Greg Jarboe: Bingo. So, again, it's easy to skip over the basics and go to the, how can you fake them out? Well, the answer is it's getting harder to fake them out and good content is number one and relevant titles, descriptions and tags is number two.

Liron Segev: All right, so assuming for the sake of this discussion, we understand this. People have been onto the vidIQ YouTube channel. They have read your blog posts, they have read our blog posts.. Now they understand they're going to get the basics. They've made a commitment to really, really get in there. But then YouTube goes and says, okay, we're going to change the game a little bit. Have you noticed some big changes happening recently?

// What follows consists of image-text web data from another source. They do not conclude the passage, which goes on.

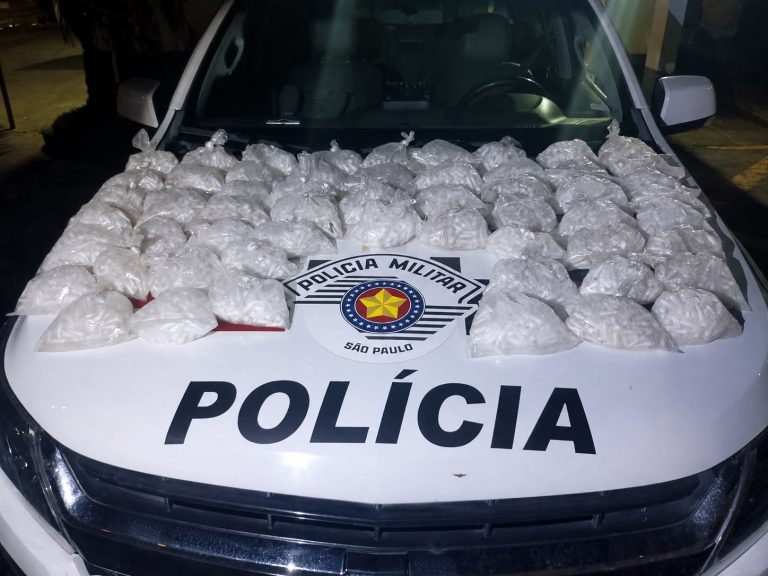 PM apreende quase 9,5 quilos de cocaína e 7,4 mil pinos de droga em Aparecida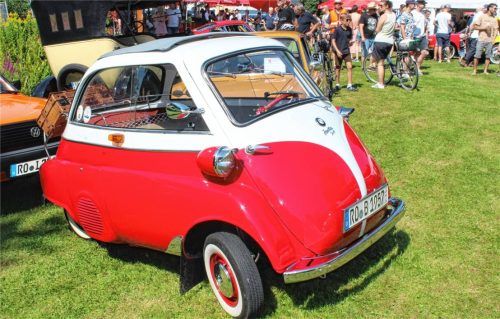 Auch die berühmte „Knutschkugel“ war in Nußdorf dabei: eine BMW Isetta. Fotos Steffenhagen
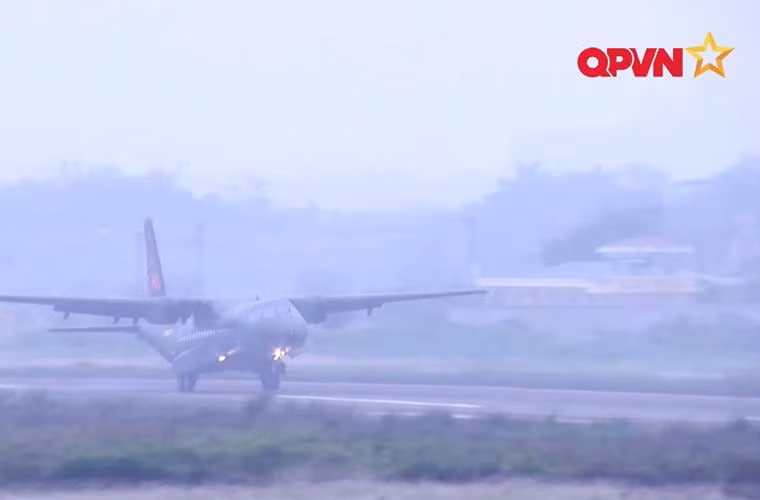 Máy bay vận tải C-295 trở về căn cứ sau chuyến bay huấn luyện. Có lẽ không bao lâu nữa các phi công Việt Nam sẽ hoàn toàn làm chủ một trong những công nghệ hàng không mới và hiện đại nhất của phương Tây. Nguồn: Kênh QPVN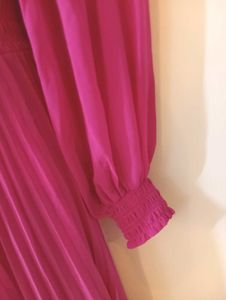 Taylor Off Shoulder Midi Dress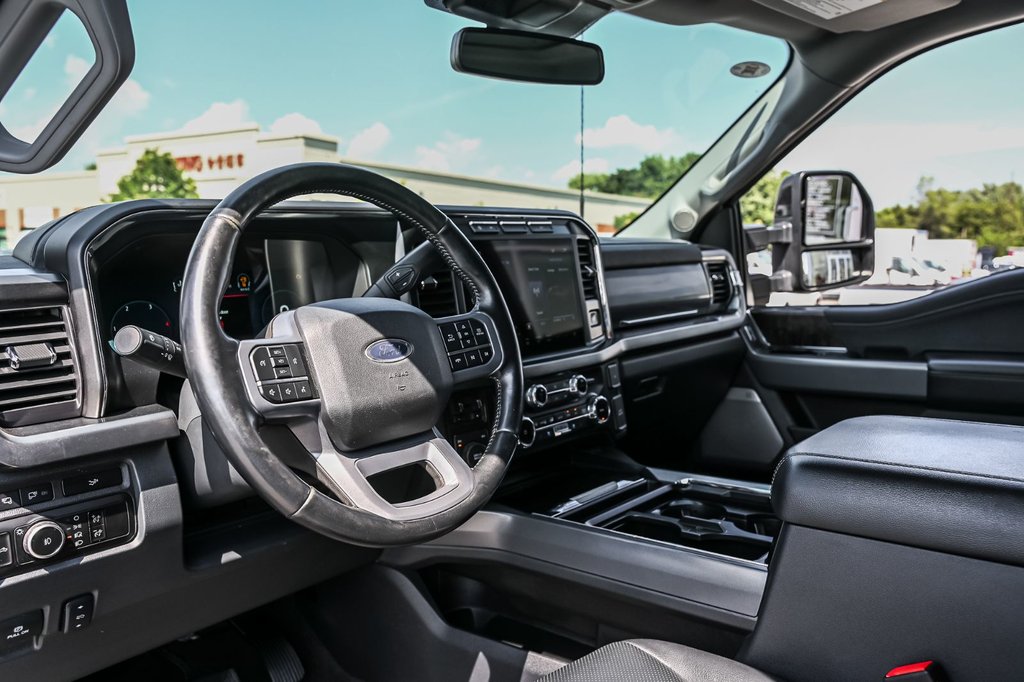 2024 Ford Super Duty F-250 SRW in Brossard, Quebec - 24 - w1024h768px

Greg Jarboe: Oh sure. Huge all the time. And again, there is a whole army of people who chase the latest algorithm change and God bless them and good luck. That way madness lies. So one of the things that hasn't changed and won't change is relevance, and let me go back to the basics. If YouTube starts serving up irrelevant content, when you do a YouTube search, it will stop being the world's second most popular search engine.

Liron Segev: Absolutely.

Greg Jarboe: So yeah, they have fiddled with that over time, there were occasions when they threw in ringers because they thought people were finding content that was just too relevant. And so they would throw stuff in and oh, by the way, people stopped paying attention to their suggested videos. Okay. So by force of human behavior, YouTube can't deviate very far from serving up relevant content.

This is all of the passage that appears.